Da marzo 2015 fino a settembre 2016 pioveranno soldi. Politica monetaria espansiva doveva essere, e politica monetaria espansiva sarà. Non si conoscono ancora le modalità né le percentuali ma la Banca centrale europea si appresta ad acquistare titoli di Stato, di agenzie e di istituzioni europee in maniera sistematica, aggiungendosi ciò agli acquisti di obbligazioni già deliberati per otto miliardi circa. Il piano della Bce quantitative easing consta di più di mille miliardi, sessanta miliardi di euro al mese per diciotto mesi consecutivi. L’obiettivo è il ristabilimento del tasso di inflazione in prossimità del 2 per cento, sventando così la deflazione.

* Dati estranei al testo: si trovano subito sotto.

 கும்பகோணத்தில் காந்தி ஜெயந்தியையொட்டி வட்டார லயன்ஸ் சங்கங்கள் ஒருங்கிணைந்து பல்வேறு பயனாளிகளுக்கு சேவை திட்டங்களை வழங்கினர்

L’ ottanta per cento delle perdite sugli acquisti di titoli di Stato rimane a carico delle banche centrali nazionali e il venti per cento sarà in condivisione con il sistema europeo. La poca condivisione è tale perché, nel consiglio della Bce, sono stati forti le contrarietà a una maggiore condivisione da parte di Germania e Paesi del nord, contrari ai debiti altrui. Le perdite finiranno cioè sui bilanci degli Stati dell’Eurozona; l’Italia potrà dovere sopportare il rischio di circa cento miliardi di Btp corrispondenti all’ottanta per cento dell’intero ammontare di acquisti destinato al debito italiano pro quota. Quel venti per cento di condivisione rappresenta tuttavia l’inizio di una mutualizzazione del debito tra i diciannove Paesi dell’eurozona. In caso di crisi del debito sovrano, il singolo Stato dovrà ricapitalizzare la propria banca centrale, potendo accedere a programmi di eventuali aiuti comunitari.

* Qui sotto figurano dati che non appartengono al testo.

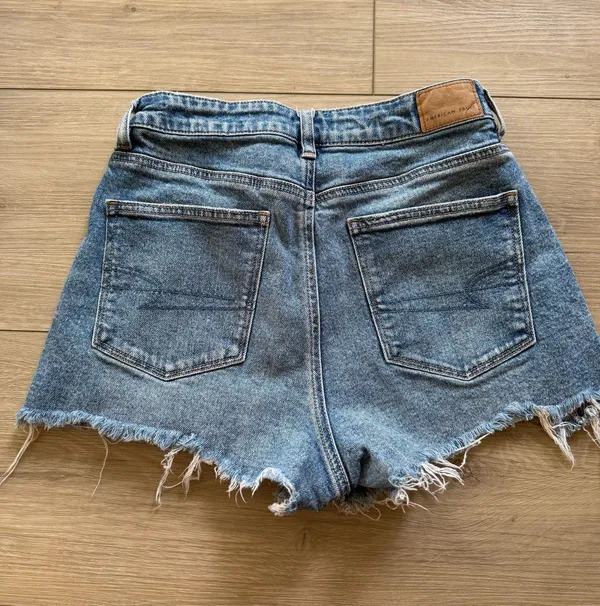 American Eagle Shorts - Image 2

Il mercato ha dapprima festeggiato, gli spread si sono ridotti, le azioni sono lievitate. L’euro è sceso. Si ricordi che il quantitative easing è uno strumento non convenzionale di politica monetaria con cui la Banca centrale europea, non potendo oltremodo servirsi dei tassi d'interesse già prossimi allo zero, né degli eurounionbond osteggiati come la peste dalla Germania, sta puntando a rilanciare l'economia dell'eurozona riducendo in tal modo il costo del denaro e dando una spinta e incoraggiando i prestiti e gli investimenti. L'obiettivo di questa misura è cioè rilanciare il mercato del credito, innescare un calo di tutti i tassi di interesse, contrastare la deflazione e ridurre, tolti i rischi, il carico dei debiti degli Stati.

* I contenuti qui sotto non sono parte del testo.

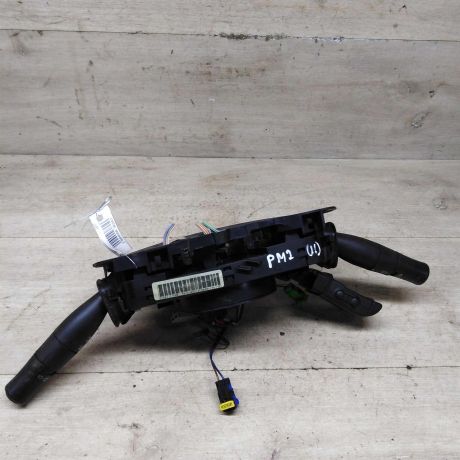 podrulevoi-perekliucatel-v-sbore-renault-megane-ii-art-85285-big-4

Il problema è adesso che questa cospicua somma di denaro giunga a destinazione, cioè all’economia reale, facendo così ripartire domanda e consumi, investimenti e occupazione. L’acquisto di titoli di Stato immetterà liquidità in un momento, tra l’altro, in cui il petrolio costa meno e l’euro, svalutandosi, favorisce l’export. Il messaggio e i fatti conseguenti sono chiari: soldi immessi in Europa dalla Bce e Paesi dell’eurozona che devono funzionalizzare i propri assetti alla crescita. Per l’Italia, ciò vuole dire necessaria ricomposizione del sistema democratico, ovvero assetto regolare e legittimo delle istituzioni, governi legittimi, taglio netto della tassazione, spending review a favore gli investimenti, della crescita e del benessere della popolazione italiana tutta. Funzionalizzazione del Paese tutto al mercato. Con lo spettacolo misero della conquista a parole dell’ inutile flessibilità, l’Italia ha toccato in Europa il fondo. Si deve approfittare dell’attuale spinta che viene da Draghi all’Europa per ristabilire, riorganizzare, riformare, riportare a legittimità in Italia. Si dura poco come siamo messi oggi. E, incredibilmente, anche mille miliardi durano poco e si consumano presto se si attacca e si persiste, come si fa stoltamente adesso, con trasferimenti previdenziali in luogo di maggiore produzione e maggiori investimenti; meno sussidi quindi, e più produzione.

In un’Europa burocratica e fregnona, incapace e inadatta, l’attuale presidente italiano della Bce ha deciso di porre in essere scelte e atti di politica monetaria, negati per lettera nel 2011. Al pari di quanto è stato fatto con le immissioni sul mercato dalla Federal Reserve negli Stati Uniti, la Bce sta facendo con il quantitative easing dell’Europa uno spazio economico in grado di esistere dotato di propria fisionomia accanto a Stati Uniti, Giappone o Gran Bretagna, ma è necessario costituire l’Unione politica europea, legittimata e legittima nelle scelte istituzionali, economiche e sociali, e soprattutto porre in essere progetti di risanamento comuni e delle singole finanze pubbliche dei Paesi membri, oltre che riforme strutturali al loro interno.